Question

Which of the following is an odd function?

Answer 1

Given:

`f(x)=x^(3)+5 x^(2)+x`

`f(x)=√(x)`

`f(x)=x^(2)+x`

`f(x)=-x`

To find:

The odd function.

Solution:

If f(-x) = -f(x), then the function is odd.
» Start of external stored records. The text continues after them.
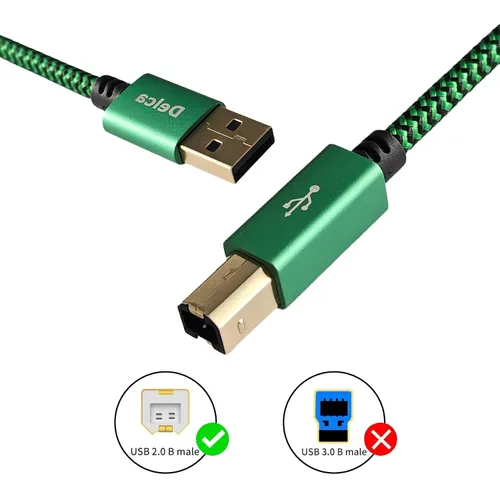 Vista 4 de Delca Cable de impresora de 6 pies/5.9 ft I de nailon trenzado USB 2.0 cable tipo A macho a tipo B macho cable de impresora I compatible con Canon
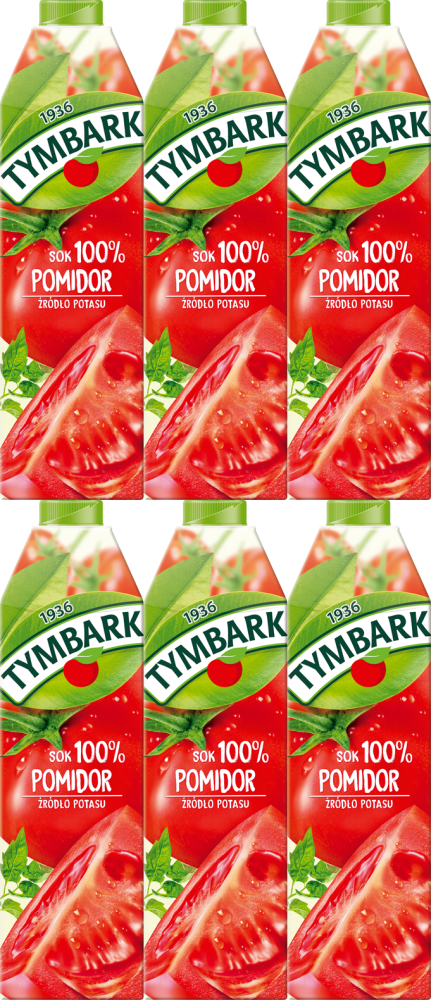 6x Sok pomidorowy Tymbark, karton, 1l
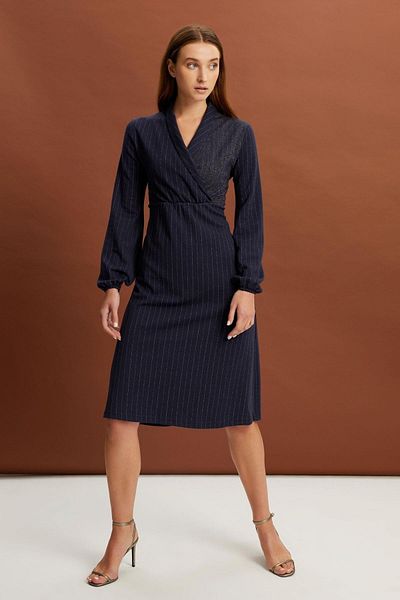ALEXANDERGARDI Rochie sclipitoare cu guler dublu cu șal (b21-700701)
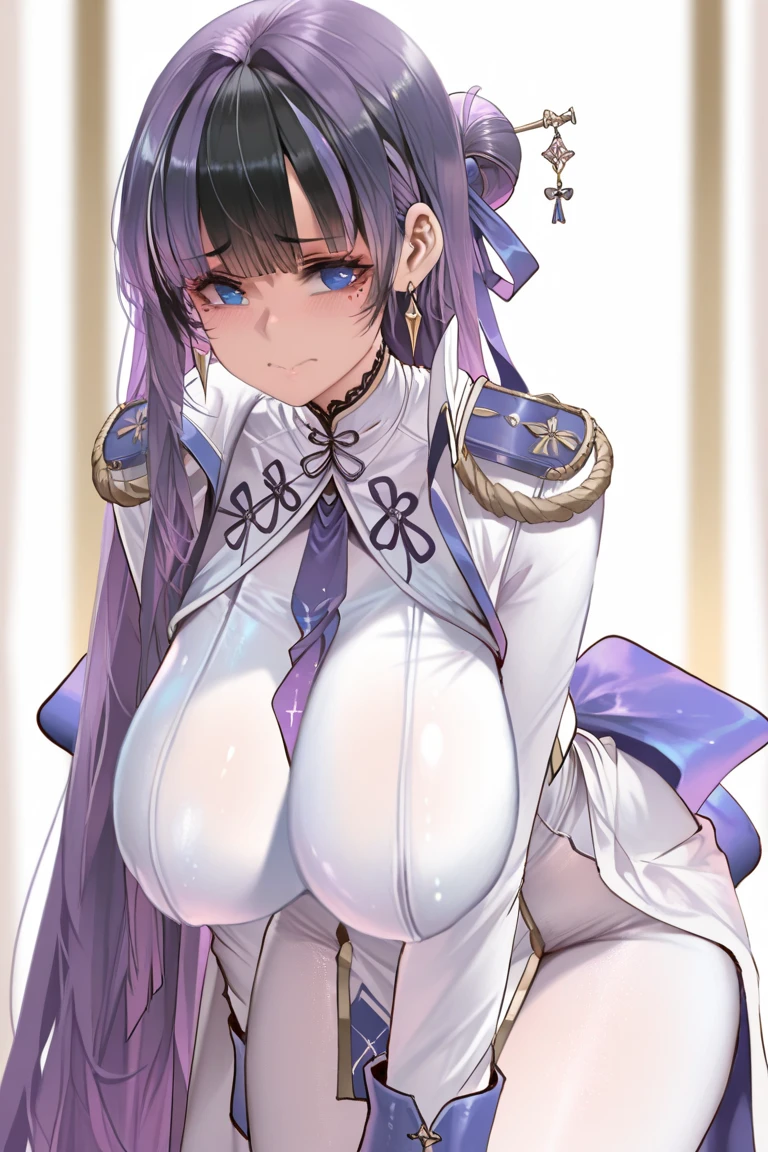 Cute naughty priestess, Pastel colors hair, large breasts, Thighs, (silver hair), blue hair, long hair, (pouted:1,2, blush:1.2), half updo, double bun, (naked:1.3), at the adventurer's guild, A bulletin board with posted paper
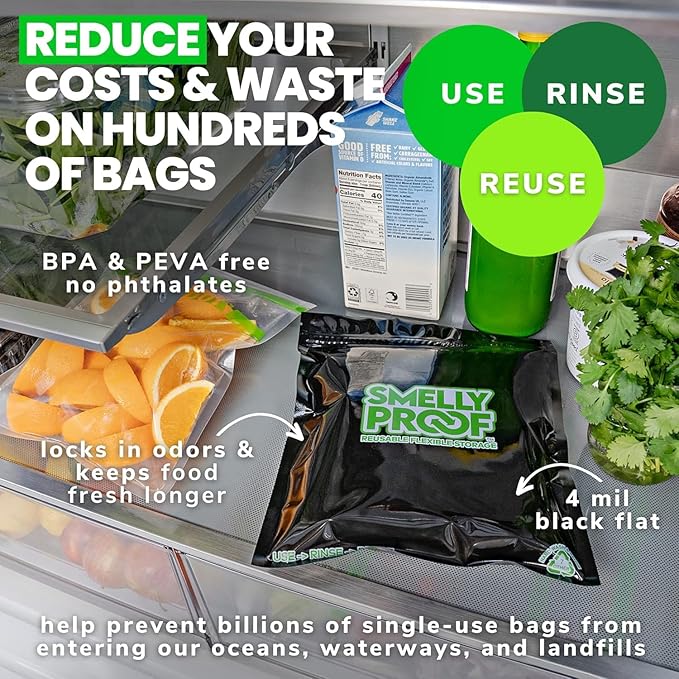 50pk 4-MIL Thick HEAVY DUTY Smelly Proof Reusable Bags Black, Washable Bags, US-Made BPA Free, No PEVA, Non-Silicone, Reusable Food Storage Bags, 50 x Reusable Freezer Bags, Quart 8.5" x 10"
If f(-x) = f(x), then the function is even.

Option A:
`f(x)=x^(3)+5 x^(2)+x`

Substitute x = -x

`f(-x)=(-x)^(3)+5 (-x)^(2)+(-x)`

`=-x^3+5x^2-x`

`=-(x^3-5x^2+x)`

≠ - f(x)

It is not odd function.

Option B:
`f(x)=√(x)`

Substitute x = -x

`f(-x)=√(-x)`

`=√(x) i` (Since
`√(-1) =i`)

≠ - f(x)

It is not odd function.

Option C:
`f(x)=x^(2)+x`

Substitute x = -x

`f(-x)=(-x)^(2)+(-x)`

`=x^2-x`

`=-(-x^2+x)`

≠ - f(x)

It is not odd function.

Option D:
`f(x)=-x`

Substitute x = -x

`f(-x)=-(-x)`

`=-f(x)`

It is odd function.

Therefore, f(x) = -x is an odd function.